INTRODUCTION AND SUMMARY CONCLUSION

This is a civil rights action proceeding under 42 U.S.C. § 1983. Plaintiff Michael Cates is currently in the custody of the Washington Department of Corrections serving a 300 month sentence pursuant to a judgment and sentence of the Snohomish County Superior Court. Plaintiff alleges in this action that his constitutional rights were violated when he was unlawfully arrested in Missouri and extradited to Washington to face charges in Snohomish County Superior Court. Plaintiff identifies Lake Stevens Police Department detectives Dennis Irwin and Dean Thomas, and Snohomish County, as defendants in this action. Plaintiff seeks compensatory damages and release from custody. Defendants have now filed motions for summary judgment. Plaintiff has not filed a response to those motions but has, instead, submitted a request to withdraw his complaint, a request which defendants oppose.

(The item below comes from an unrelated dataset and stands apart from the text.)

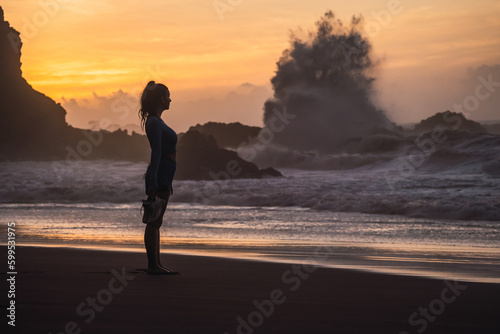 Obraz na płótnie woman walking on the beach with her shoes in her hand while looking at the sea. sunset on the island of tenerife Spain w salonie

The Court, having reviewed defendants' motions for summary judgment, plaintiff's request to withdraw his complaint, and the balance of the record, concludes that plaintiff's request to withdraw his complaint should be denied, that defendants' summary judgment motions should be granted, and that plaintiff's complaint and this action should be dismissed with prejudice.

FACTS

On December 9, 2010, an information and affidavit of probable cause were filed in Snohomish County Superior Court charging plaintiff with one count of rape of a child in the first degree. (Dkt. 43, Ex. A.) A summons was issued and plaintiff, who was then residing in Missouri, was directed to appear for arraignment in Snohomish County Superior Court on January 5, 2011. (Id., Ex. B.) Plaintiff failed to appear for the hearing and Snohomish County Superior Court Judge Eric Lucas entered an order determining probable cause and directing the issuance of a warrant. (Id., Ex. C.) A warrant of arrest was issued by the Clerk of the Snohomish County Superior Court the following day, January 6, 2011. (Id., Ex. D.) The warrant indicated that the state would seek extradition from anywhere in the United States. (See id.)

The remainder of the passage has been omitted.